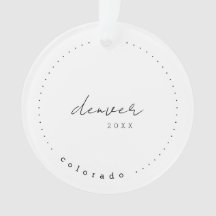 コロラド州デンバーCOトラベル統一された州シンプル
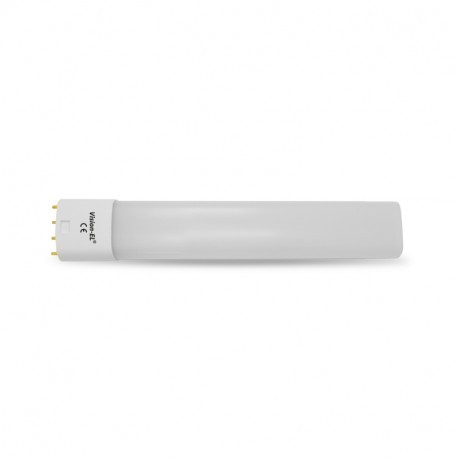 LED L 2G11 - 8W - 840 - 900LM - EQ 18W - 4 PINS - DIRECT 230V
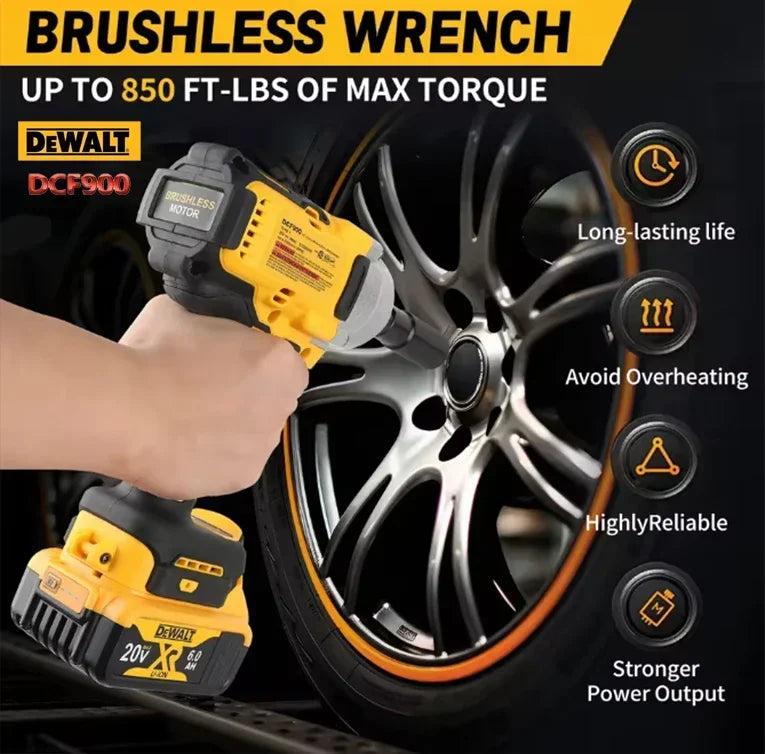 DEWALT 18V 20V Max DCF900 1/2-inch High Torque lmpact Wrench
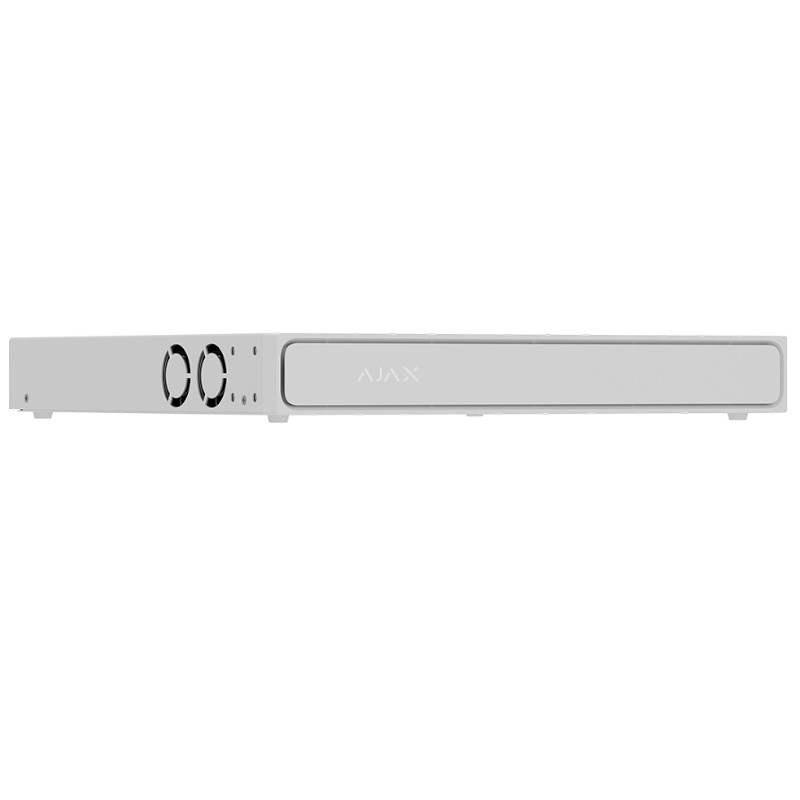 Escenarios Ajax: cómo integrar seguridad, CCTV y automatización Grabador NVR Ajax para integrar CCTV con el sistema de seguridad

====

**Your instructions**
Every line from the one holding "DEWALT 18V 20V" to the last line of the listing above, inclusive, must appear exactly as written, and no picture may appear.

**Completed exercise**
 DEWALT 18V 20V Max DCF900 1/2-inch High Torque lmpact Wrench
 Escenarios Ajax: cómo integrar seguridad, CCTV y automatización Grabador NVR Ajax para integrar CCTV con el sistema de seguridad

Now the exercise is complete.